The data from May 2018 to April 2019 are used, with 80% as the training set and 20% as the test set. The data are input into the MFF-SEM model and other models for experimentation, and the final model results are shown in Table 4.
From the comparison of evaluation metrics for different models in Table 4, it can be observed that deep learning models generally exhibit lower accuracy. Due to the limited sample size, the LSTM model struggles to effectively capture temporal dependencies, resulting in lower inversion accuracy, with R2, RMSE, and MAE values of 0.6718, 11.9198, and 9.0477, respectively. The 1DCNN model requires a larger dataset, and the limited data volume in methane concentration inversion affects its performance, making it only slightly better than the GBDT model among machine learning models (R2 of 0.8643). Machine learning models such as LightGBM, RF, and XGBoost generally outperform deep learning models in terms of accuracy. Among them, LightGBM and RF show similar performance, with R2, RMSE, and MAE values of 0.9435, 4.9206, 3.7154 and 0.9479, 4.0637, 2.1072, respectively. The XGBoost model, which incorporates a regularization term to effectively prevent overfitting, achieves higher inversion performance, with R2, RMSE, and MAE values of 0.9673, 3.2221, and 1.7284, respectively. However, the MFF-SEM model used in this study, by leveraging multiple base learners to fully explore the relationships between different feature factors and methane concentrations, achieves deep integration of feature combinations and complementary advantages among base learners, resulting in the highest inversion accuracy, with R2, RMSE, and MAE values of 0.9747, 2.9294, and 1.5299, respectively. Figure 6 shows density scatter plots of actual values versus predicted values for different models.
Figure 6a–g represent LSTM, 1DCNN, GBDT, LightGBM, RF, XGBoost, and MFF-SEM models, respectively. The results indicate that Stacking, XGBoost, and RF models show similar data distributions, with concentration values primarily distributed in the 1875–1900 ppb range. Among these, the MFF-SEM model demonstrates the best fitting performance, while XGBoost and RF models underestimate methane concentrations. LightGBM and GBDT models predict concentration values concentrated between 1810 and 1910 ppb, with LightGBM showing better fitting performance than GBDT. GBDT exhibits more outliers, mainly due to its sensitivity to anomalous values, which leads to decreased performance. Among deep learning models, LSTM shows the poorest fitting performance, with predicted concentration values concentrated between 1820 and 1880 ppb. For methane concentrations outside this range, the model predictions remain constant, primarily due to the imbalanced distribution of low and high concentration values in the samples. The limited sample size results in weak temporal relationships, preventing the model from learning the characteristics of these samples.
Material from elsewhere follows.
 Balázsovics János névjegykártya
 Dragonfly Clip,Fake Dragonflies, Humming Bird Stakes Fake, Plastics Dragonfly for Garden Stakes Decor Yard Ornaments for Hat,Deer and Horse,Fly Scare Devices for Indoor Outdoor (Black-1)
3.4. Seasonal Analysis of Methane Concentrations

Figure 7 shows the seasonal average methane concentrations from June 2018 to May 2020, where Figure 7a represents the period from June 2018 to May 2019 and Figure 7b represents the period from June 2019 to May 2020. Figure 8 presents the monthly average methane concentrations. Both figures indicate that methane concentrations exhibit distinct seasonal variation characteristics and an upward fluctuating trend, with generally higher concentrations in summer and winter seasons and lower concentrations in spring and autumn seasons.
Among the four seasons, spring (March–May) shows generally lower methane concentrations due to lower temperatures and reduced natural and anthropogenic methane emissions. March exhibits the lowest concentrations, after which levels gradually begin to rise. In summer (June–August), methane concentrations start to increase rapidly from June, reaching their peak in August. This summer surge in methane concentrations is primarily attributed to accelerated plant growth promoted by high temperatures, increased emissions from vegetation such as rice paddies, and substantial methane contributions from natural water bodies like rivers and lakes. Additionally, high-temperature decomposition of urban waste and industrial emissions significantly increase methane sources. In autumn (September–November), as temperatures gradually decrease, microbial activity weakens, slowing methane generation, though mean concentrations maintain relatively high levels. In winter (December–February), methane concentrations show relatively high trends due to heating demands, which involve extensive fossil fuel extraction, transportation, and combustion emissions containing high methane levels. Furthermore, winter climate conditions favor methane accumulation.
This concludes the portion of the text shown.